"""
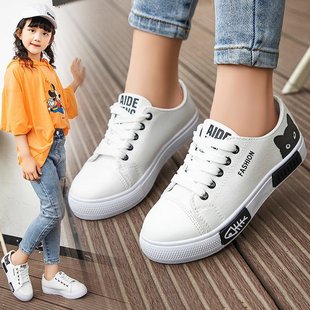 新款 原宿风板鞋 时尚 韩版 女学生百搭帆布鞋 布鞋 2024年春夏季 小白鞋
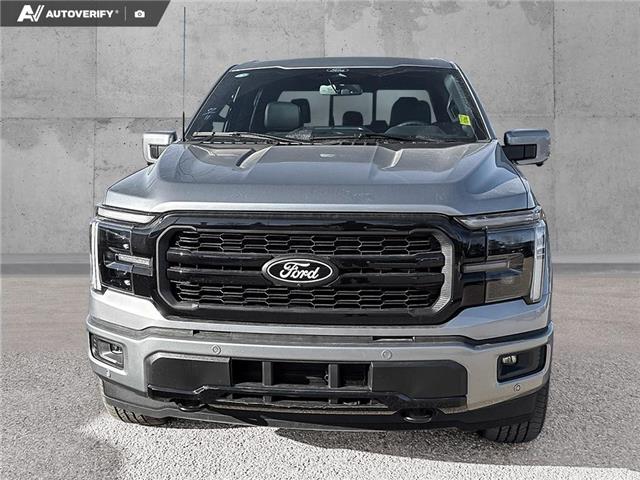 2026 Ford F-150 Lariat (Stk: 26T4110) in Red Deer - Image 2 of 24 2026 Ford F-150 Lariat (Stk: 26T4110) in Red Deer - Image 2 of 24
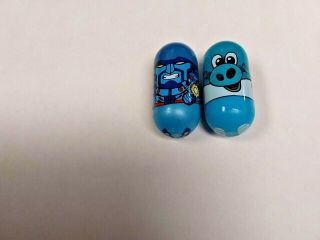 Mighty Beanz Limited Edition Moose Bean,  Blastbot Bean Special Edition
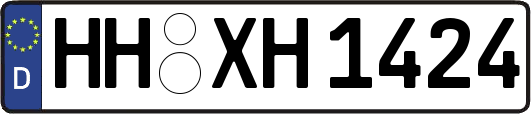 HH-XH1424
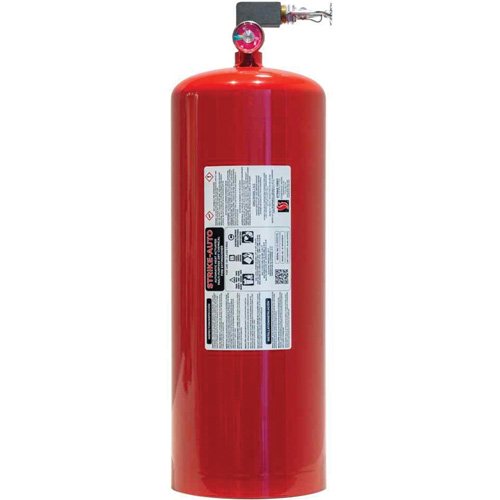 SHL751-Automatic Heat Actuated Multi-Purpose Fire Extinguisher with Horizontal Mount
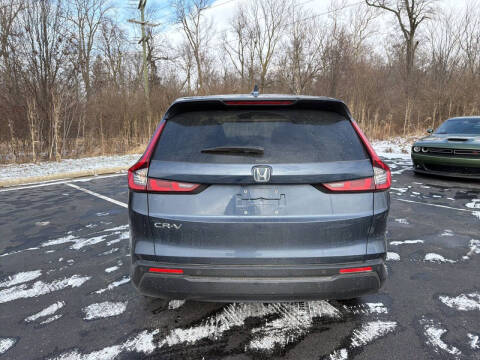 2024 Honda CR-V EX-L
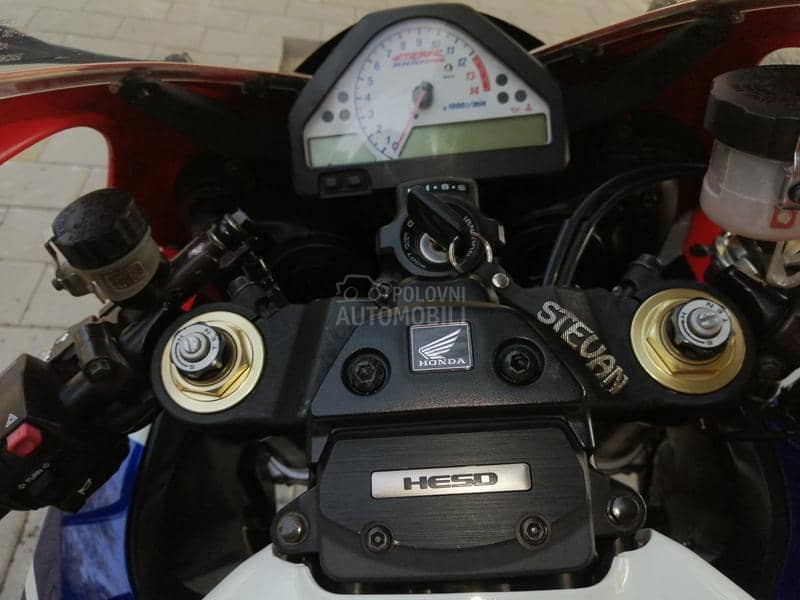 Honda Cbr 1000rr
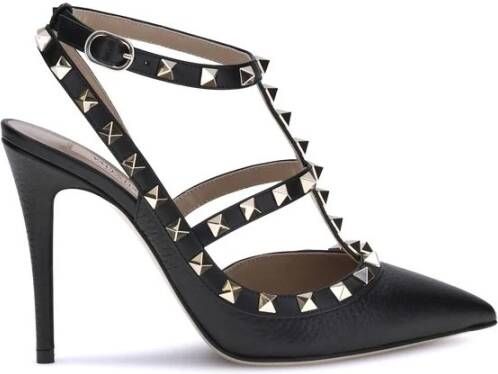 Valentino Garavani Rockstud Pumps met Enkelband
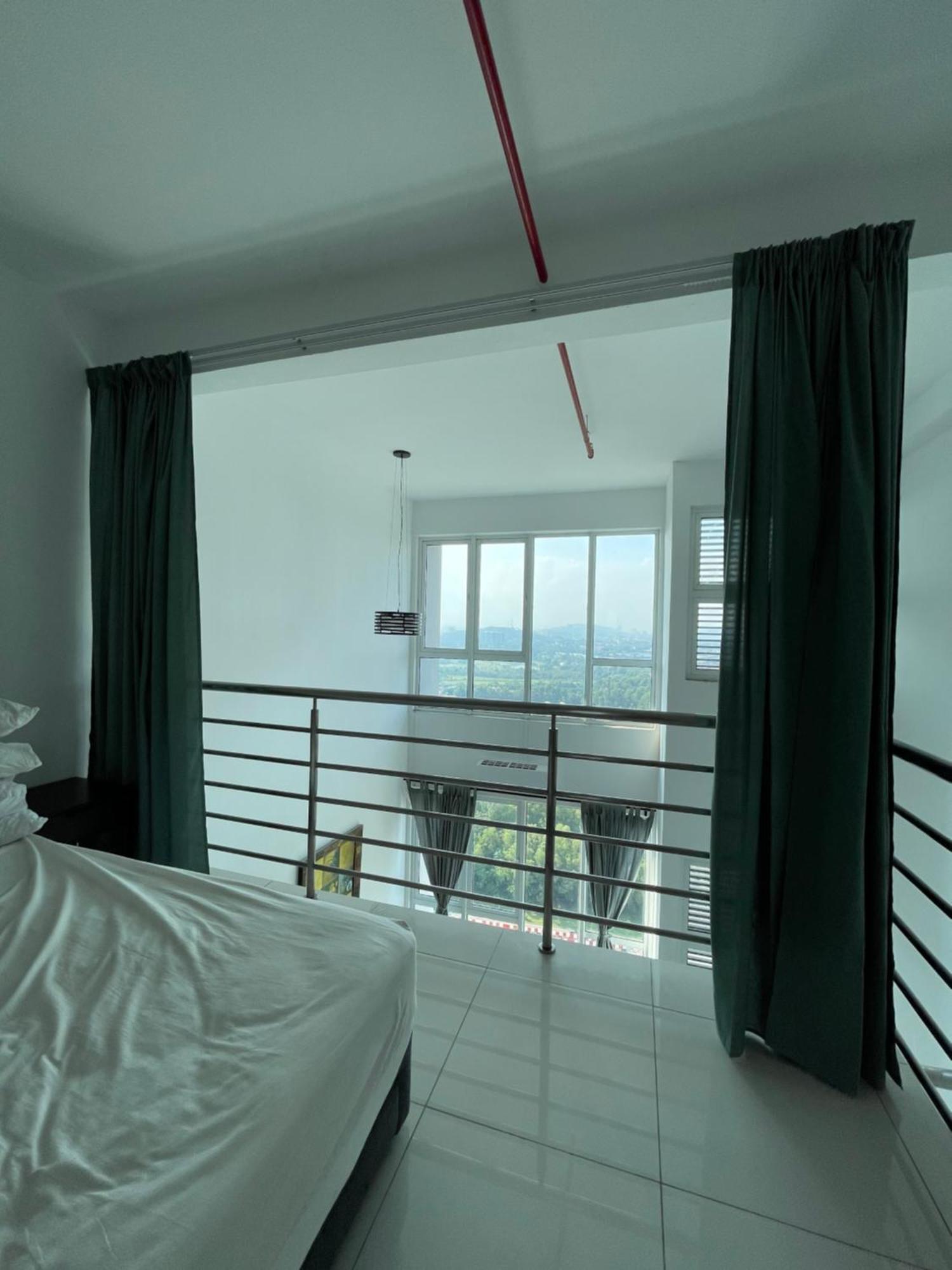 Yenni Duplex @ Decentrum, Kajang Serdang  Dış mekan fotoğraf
"""
EXERCISE: Transcribe all the records above word for word, without their images.

COMPLETED EXERCISE:
 新款 原宿风板鞋 时尚 韩版 女学生百搭帆布鞋 布鞋 2024年春夏季 小白鞋
 2026 Ford F-150 Lariat (Stk: 26T4110) in Red Deer - Image 2 of 24 2026 Ford F-150 Lariat (Stk: 26T4110) in Red Deer - Image 2 of 24
 Mighty Beanz Limited Edition Moose Bean,  Blastbot Bean Special Edition
 HH-XH1424
 SHL751-Automatic Heat Actuated Multi-Purpose Fire Extinguisher with Horizontal Mount
 2024 Honda CR-V EX-L
 Honda Cbr 1000rr
 Valentino Garavani Rockstud Pumps met Enkelband
 Yenni Duplex @ Decentrum, Kajang Serdang  Dış mekan fotoğraf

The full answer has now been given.